The need for managerial direction for information security.

The first part of our series discusses the category Management direction for information security in the Information security policies clause . There are 2 controls in this category and they deal with having written, accessible and reviewed information security policies.


Organizations should have written documents, detailing their security policies, standards, guidelines and procedures, and these should be readily accessible to staff and other relevant parties. There are two “levels” of documents you should keep. The first level is the Information security policy which gives a high-level view of our security objectives. It displays the reasoning for our security policies and how they tie into your organization’s goals. It describes the security we have and shows that senior management supports the organizations security initiatives, which can be very important for gaining employee support and compliance. These policy provides direction for an organization with regards to security, and it may reference regulations, legislation and other lower level organization policies. It should also provide guidance on how deviations to policy requirements are handled by management.

The second “level” includes lower level policies that are simple, easy to understand and highly specific. They may describe Acceptable Use of IT systems and resources, how identity and access is managed and how the organization treats personally identifiable information(PII). There can be many policies but they need to be specific in their focus and simple to understand of all employees. Your organization can have dozens of policies if needed, but there are some specifically recommended by ISO in these controls.

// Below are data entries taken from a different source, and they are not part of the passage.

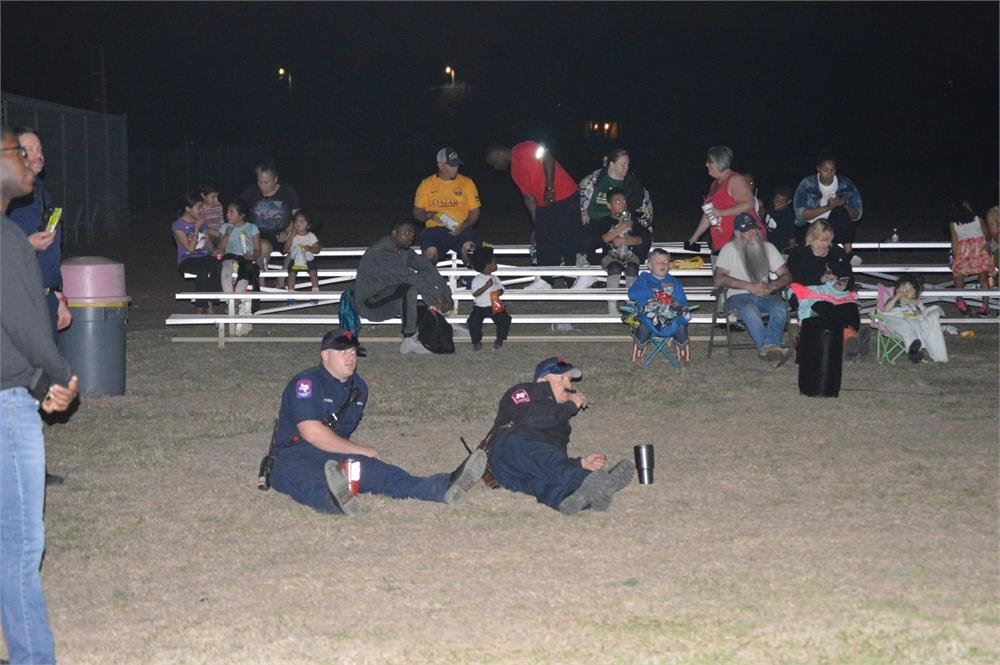 Firefighters and Families Watching a Movie in the Park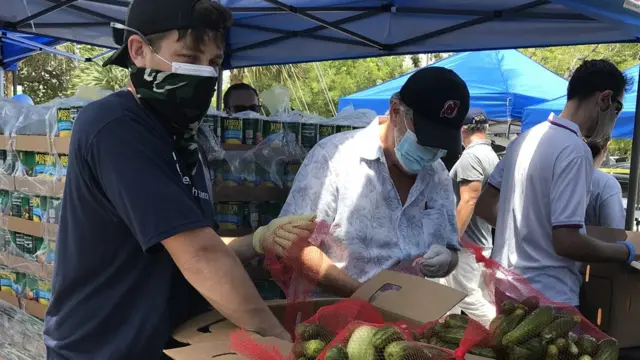 Un grupo de voluntarios preparan cajas de alimentos para donar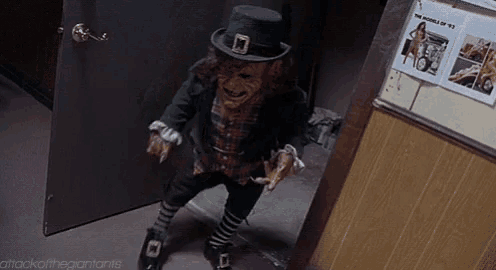 a leprechaun in a black hat is standing in a doorway in a room .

These recommends policies are:

  • Access control,
  • Information classification,
  • Physical and environmental security,
  • Acceptable use of resources,
  • Clear desk and clear screen,
  • Information transfer,
  • Mobile devices and teleworking,
  • Restrictions on software installation and use,
  • Backup,
  • Protection from malware,
  • Management of technical vulnerabilities,
  • Cryptographic controls,
  • Communications security,
  • Privacy and protection of personally identifiable information,
  • Supplier relationships.


Like all parts of security, policies should not be static, they should follow a life cycle of continuous improvement. The organization and the environment in which the organization operates is fluid and subject to change. To reflect this there should be a process in place for regular reviews of the policies. Again, this is not because there may be errors in your latest draft, but because security as a landscape is constantly shifting. With new laws, such as the General Data Protection Regulation and Network and Information Systems Directive in the European Union, being introduced and past laws like the EU-US Safe harbour agreement being invalidated, our policies should be reviewed on at least an annual basis to make sure they are still fit for purpose. This will not only keep your organization safe from a regulatory perspective but for changes to the security landscape too, such as incorporating the introduction of new technologies such as IoT and wearables devices into our security plans, allowing our policies to evolve over time to best protect the organization and to ensure best practices can be adhered to and updated.